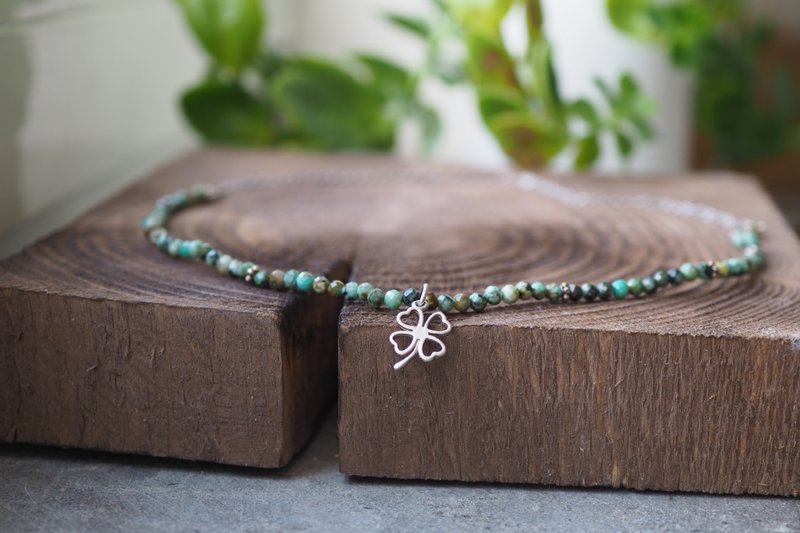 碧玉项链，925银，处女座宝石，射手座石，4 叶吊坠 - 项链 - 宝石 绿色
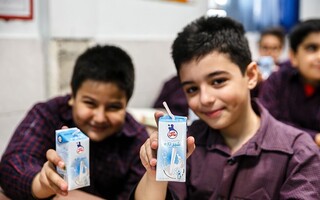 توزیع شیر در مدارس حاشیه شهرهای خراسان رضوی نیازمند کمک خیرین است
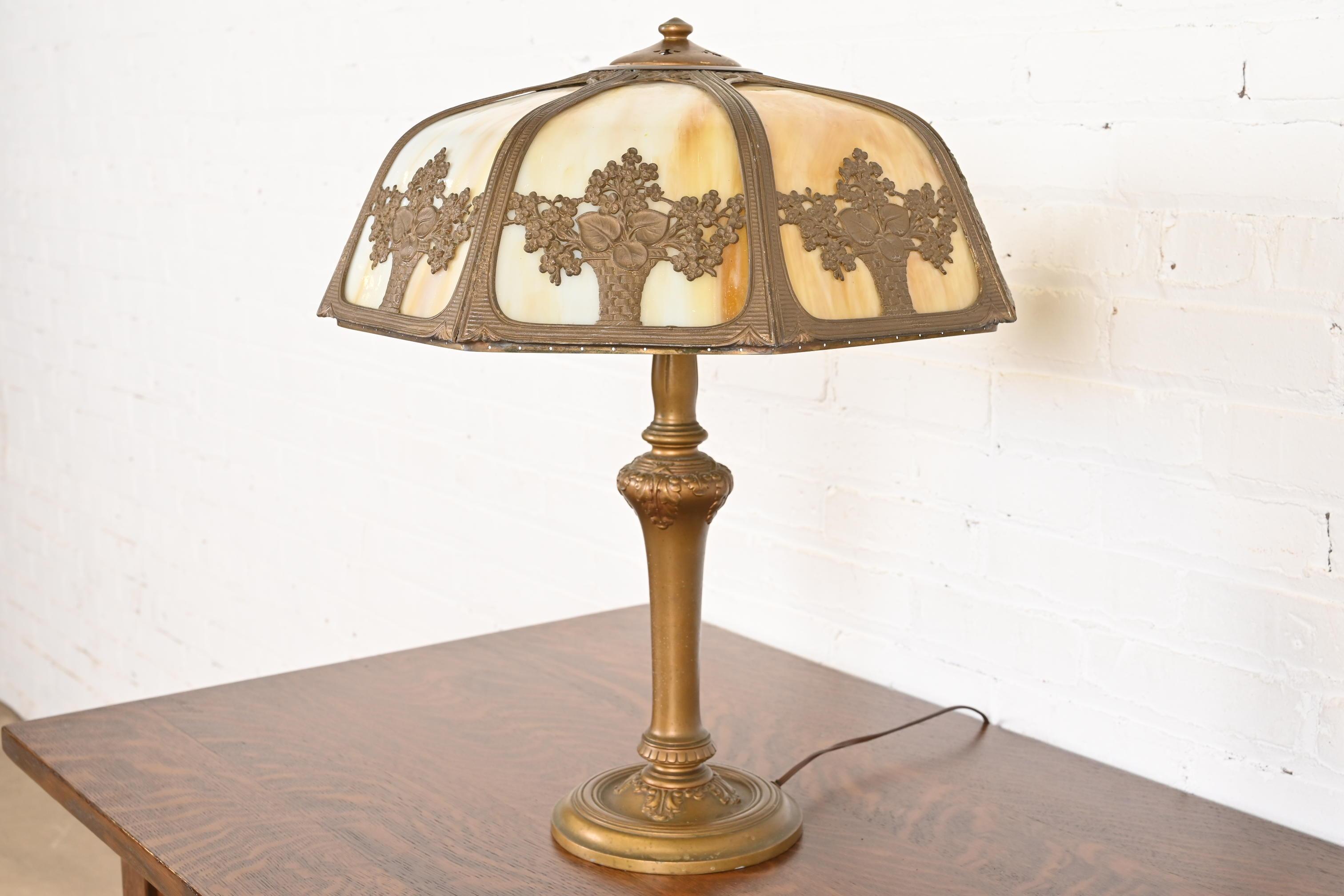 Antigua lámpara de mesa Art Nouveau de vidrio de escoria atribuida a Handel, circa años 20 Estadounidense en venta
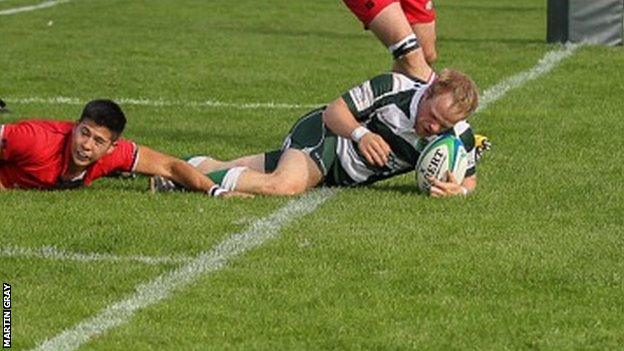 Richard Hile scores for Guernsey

---

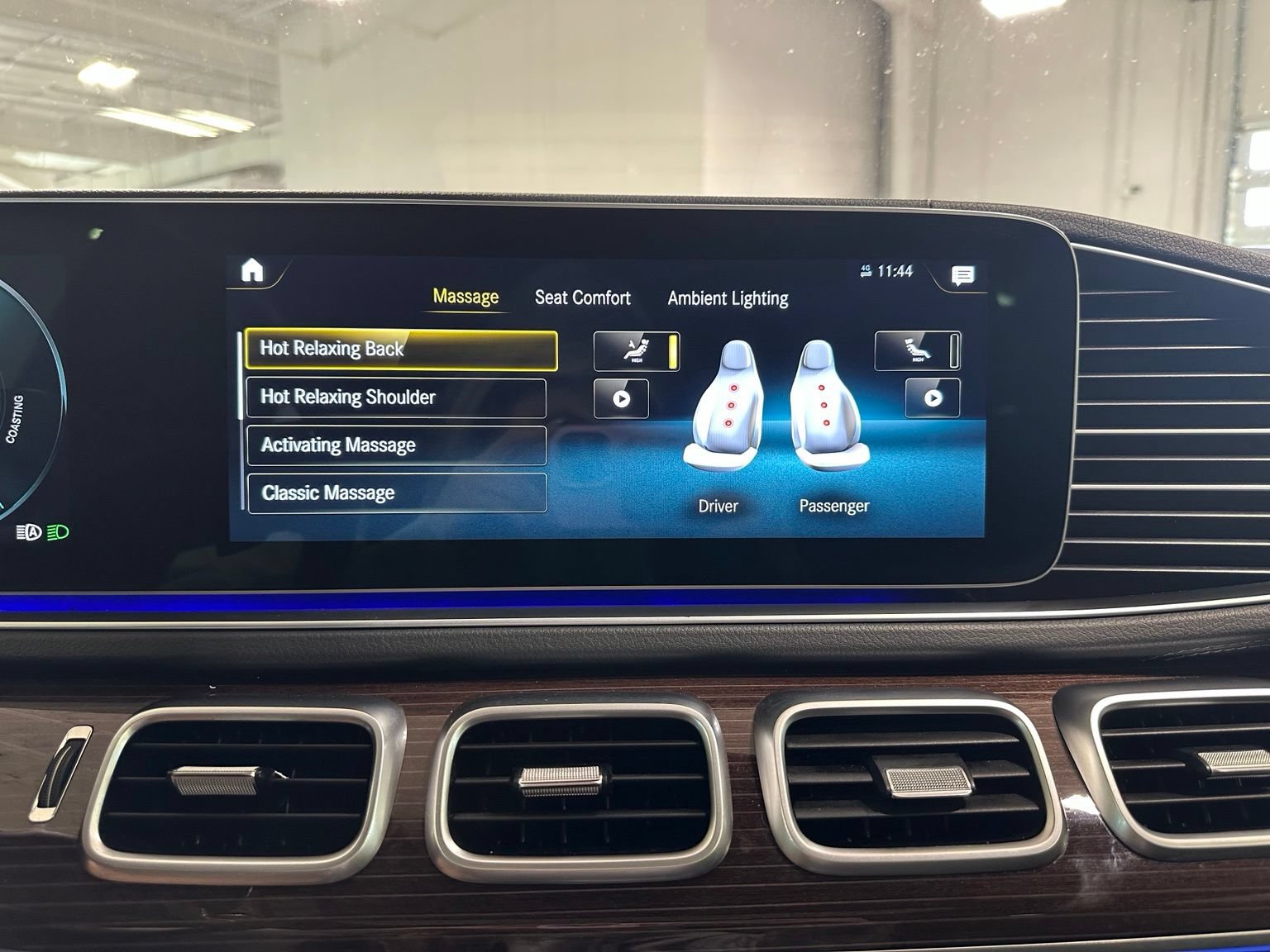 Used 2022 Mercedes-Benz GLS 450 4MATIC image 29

==

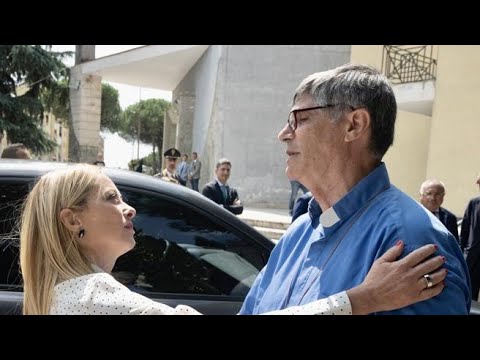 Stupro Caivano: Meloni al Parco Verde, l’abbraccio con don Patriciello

### Exercise instructions
When you reach the line that has "碧玉项链，925银，处女座宝石，射手座石，4 叶吊坠 - 项链 - 宝石 绿色" in the data above, start repeating lines exactly, and stop after the line that has "Richard Hile scores for Guernsey"; pictures stay out.

### Result of this task
 碧玉项链，925银，处女座宝石，射手座石，4 叶吊坠 - 项链 - 宝石 绿色
 توزیع شیر در مدارس حاشیه شهرهای خراسان رضوی نیازمند کمک خیرین است
 Antigua lámpara de mesa Art Nouveau de vidrio de escoria atribuida a Handel, circa años 20 Estadounidense en venta
 Richard Hile scores for Guernsey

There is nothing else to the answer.